Ontario Court of Appeal finds apprehension of bias nullified NAFTA tribunal decision

By Anosha Khan ·

Law360 Canada (February 6, 2025, 5:10 PM EST) -- The Ontario Court of Appeal has allowed an appeal in an international trade dispute between Mexico and a U.S.-based motorcycle company that concerned arbitral procedural fairness, finding that apprehension of bias nullified a tribunal decision dismissing a potential $2.7 billion claim. 

“The decision reaffirms this principle as one that is core to a fair hearing, and brings Canadian jurisprudence into line with that of many other arbitral seats,” counsel for the appellant Myriam Seers of Agora International LLP, told Law360 Canada in an email. 

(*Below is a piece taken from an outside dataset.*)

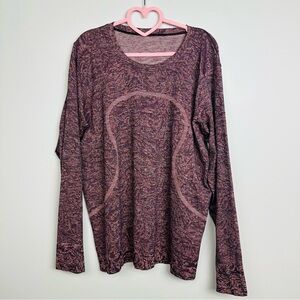 Lululemon Swiftly Relaxed Long-Sleeve Shirt Contour Form Dramatic Magenta SZ 16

In Vento Motorcycles, Inc. v. Mexico, 2025 ONCA 82, the appellant, Vento Motorcycles Inc., had commenced an arbitral claim against the respondent Mexico pursuant to Chapter 11 of the North American Free Trade Agreement (NAFTA). It valued the claim between US$658 million and US$2.748 billion.

Mexico had denied NAFTA preferential import tariffs to motorcycles that Vento assembled in the United States and exported to Mexico. Vento submitted that this resulted in substantial business losses and the destruction of its business. The tribunal unanimously held that Mexico did not breach NAFTA obligations and dismissed the claim.

Vento later learned that Mexican officials had been in communication with Hugo Perezcano, the Mexican nominee to the tribunal, during the arbitration. Officials included Orlando Pérez Gárate, who was lead counsel for Mexico on the arbitration and a senior Mexican trade official. He had first invited Perezcano to apply to Mexico to appoint him to future arbitration panels under different trade agreements and eventually confirmed Perezcano’s appointments.

The application judge had found that Perezcano’s conduct gave rise to a reasonable apprehension of bias, “compounded by the failure of both Perezcano and Mexico to disclose the offers and the related communications during the arbitration.”

However, the judge found that this “did not taint the Tribunal” and declined to set aside the dismissal. She found that “the reasonable apprehension that one member of a panel is biased does not necessarily ‘taint’ the award and the entire panel.” In this case, there were three people on the panel.

The judge noted that the events in dispute occurred over 20 years ago and requiring a redo of the arbitration would result in wasted time, resources and fees and would rely too much on witnesses’ faded memories.

Justice Grant Huscroft of the appellate court found that a reasonable apprehension of bias is a major violation of procedural fairness, and as such would mean that it is objectively reasonable to think that an adjudicator may not fairly decide on a dispute. A reasonable apprehension of bias undermines integrity and legitimacy of the adjudicative process, he ruled, compromising it irreparably.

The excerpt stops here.